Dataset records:
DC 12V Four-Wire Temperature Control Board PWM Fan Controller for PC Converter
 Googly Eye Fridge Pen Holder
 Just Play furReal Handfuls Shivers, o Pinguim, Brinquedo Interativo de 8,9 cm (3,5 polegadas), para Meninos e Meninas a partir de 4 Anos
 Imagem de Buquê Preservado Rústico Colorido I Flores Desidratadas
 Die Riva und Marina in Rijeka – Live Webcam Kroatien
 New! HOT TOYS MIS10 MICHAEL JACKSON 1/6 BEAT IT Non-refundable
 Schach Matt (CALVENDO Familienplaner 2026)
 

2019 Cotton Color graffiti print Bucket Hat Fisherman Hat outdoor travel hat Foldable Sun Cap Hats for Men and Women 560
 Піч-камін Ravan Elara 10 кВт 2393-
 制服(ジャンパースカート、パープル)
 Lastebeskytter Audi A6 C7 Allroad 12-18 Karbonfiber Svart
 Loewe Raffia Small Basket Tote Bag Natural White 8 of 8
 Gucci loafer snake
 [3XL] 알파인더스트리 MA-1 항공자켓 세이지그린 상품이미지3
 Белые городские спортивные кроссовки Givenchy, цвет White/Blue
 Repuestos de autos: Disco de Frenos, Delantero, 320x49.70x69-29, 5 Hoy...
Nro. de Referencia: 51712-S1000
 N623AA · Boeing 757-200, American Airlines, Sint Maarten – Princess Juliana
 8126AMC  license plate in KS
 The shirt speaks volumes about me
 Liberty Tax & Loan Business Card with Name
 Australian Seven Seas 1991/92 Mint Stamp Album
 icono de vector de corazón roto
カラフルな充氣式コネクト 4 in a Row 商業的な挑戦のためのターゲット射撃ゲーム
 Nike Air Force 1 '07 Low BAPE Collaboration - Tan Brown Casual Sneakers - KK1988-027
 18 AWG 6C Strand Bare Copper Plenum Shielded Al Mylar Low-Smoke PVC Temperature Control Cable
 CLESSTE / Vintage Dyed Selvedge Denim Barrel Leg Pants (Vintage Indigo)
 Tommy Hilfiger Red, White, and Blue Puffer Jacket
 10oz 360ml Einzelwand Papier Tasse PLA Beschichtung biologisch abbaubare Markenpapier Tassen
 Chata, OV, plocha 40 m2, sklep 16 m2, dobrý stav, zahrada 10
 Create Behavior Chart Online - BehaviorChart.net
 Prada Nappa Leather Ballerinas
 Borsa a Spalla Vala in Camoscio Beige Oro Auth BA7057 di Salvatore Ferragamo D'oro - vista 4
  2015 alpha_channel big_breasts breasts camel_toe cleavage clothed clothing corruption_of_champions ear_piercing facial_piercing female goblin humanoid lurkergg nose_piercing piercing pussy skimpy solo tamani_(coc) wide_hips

Work to be completed:
What is wanted is every line from the first line of the entries through the line that contains "Just Play furReal", given again exactly.

Answer to this task:
DC 12V Four-Wire Temperature Control Board PWM Fan Controller for PC Converter
 Googly Eye Fridge Pen Holder
 Just Play furReal Handfuls Shivers, o Pinguim, Brinquedo Interativo de 8,9 cm (3,5 polegadas), para Meninos e Meninas a partir de 4 Anos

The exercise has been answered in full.